The Supplemental Nutrition Assistance Program (SNAP) is 40.2 percent white, according to data from the U.S. Department of Agriculture. Just over 25 percent are black and another 10 percent are Hispanic.
His assertions, however, were problematic for another reason. Despite the finding of The Washington Post study, there remain large pockets of white people living in deeply poor neighborhoods—communities where poverty stretches out onto the street and into the schoolyard, where payday lenders and buy here-pay here car lots are more prevalent than banks. As Sanders stood on that gloriously lit stage answering audience and moderator questions, one of those communities lay right outside the auditorium doors.
It was not as if Sanders was standing in the middle of South Central Los Angeles or Compton, largely African-American and Latino communities. He was not in East St. Louis, Illinois, which is 98 percent black, or “The Bluffs” of Atlanta. Sanders was in Flint, Michigan, a rust-belt city besieged with pervasive poverty where both black and white residents have subsisted on lead-poisoned water and multiple layers of government that failed them all.
You see, if Sanders wanted to see white people living in a “ghetto”—white people who are living with long-term unemployment under the strictures of environmental injustice, economic flight, and crumbling schools—he needed only peer out of the window of his SUV along the drive to the CNN debate.
Flint has a per capita income is less than $16,000 and falling. While the population is just over 50 percent black, 41 percent of its residents are white. Those are knowable facts for anyone who cares enough to know them.
Sanders spent the day repeatedly trying to clarify his statements about race and poverty, only to widen the chasm in the ground beneath him. Rather than walk them back, Sanders seemed to double-down on the notion that poverty is exclusively a black problem.

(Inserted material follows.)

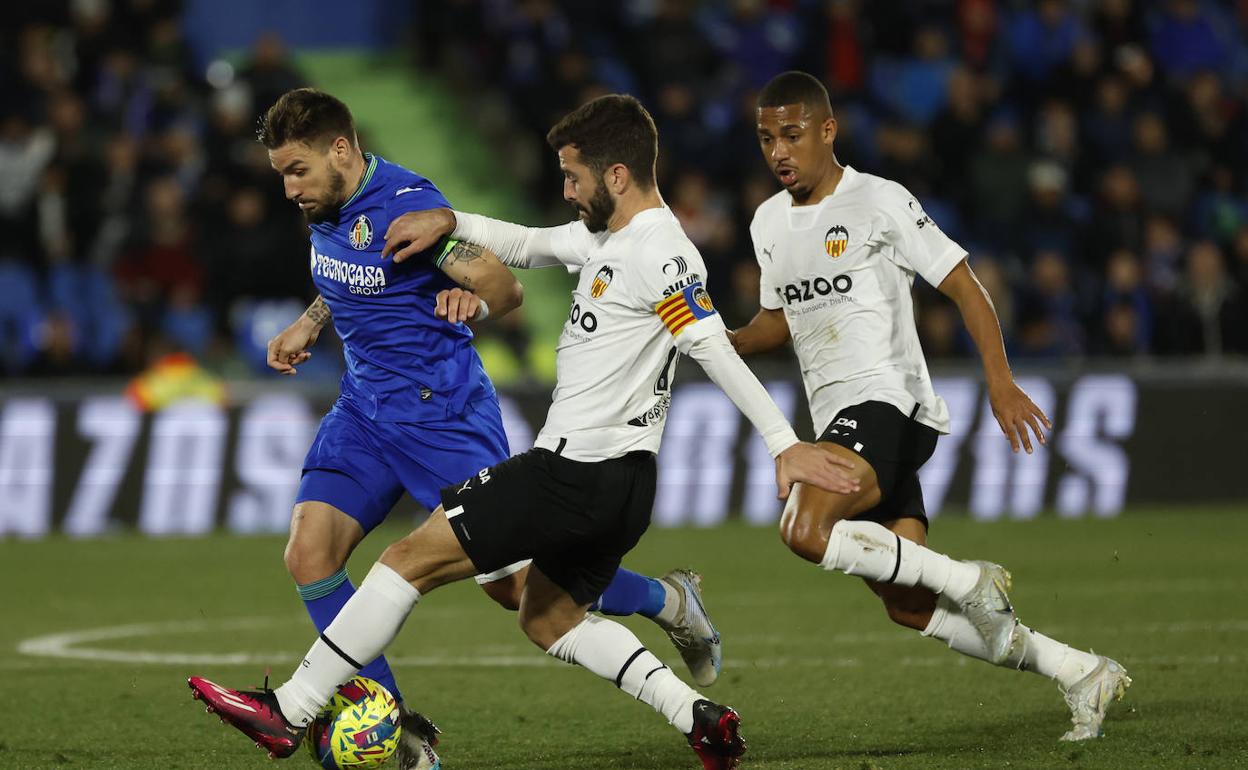 José Luis Gayà, durante el partido frente al Getafe.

“What I meant to say,” Sanders told an NBC News reporter, “is when you talk about ghettos, traditionally what you’re talking about is African-American communities.”
Without question, Sanders has mounted what he calls a revolution built to eradicate income inequality and unwind a rigged economic system that favors wealthy oligarchs. However, he appears increasingly tone deaf when it comes expanding his coalition to include non-white voters and, unfortunately, the notion that “ghetto” is a euphemism for “black” opened the window on a third problem for the Sanders camp.
In addition to the fact that “ghetto” is used as a derisive term in every economic strata of black culture, the deeper problem for him and the campaign is that the 74-year-old Brooklyn native consistently demonstrates a disconnection from black people and the issues they care about most. Even more curious are the early roots of the term when it was applied to Jews living in squalor in various European cities, including Warsaw. However, watching Sunday’s debate, one would think that African Americans care only about poverty, incarceration and environmental justice.
One would believe that there is no black middle class, that we do not own homes or occupy executive offices. One would have to believe that there are no African-American college graduates who are still worried that they cannot afford the same for their children. One would think that we are not small-business owners, college professors, police officers or postal workers. Yes, some of us are worried about hailing a taxicab in New York. But, as NBC’s Al Roker will tell you, wealth is no barrier to discrimination.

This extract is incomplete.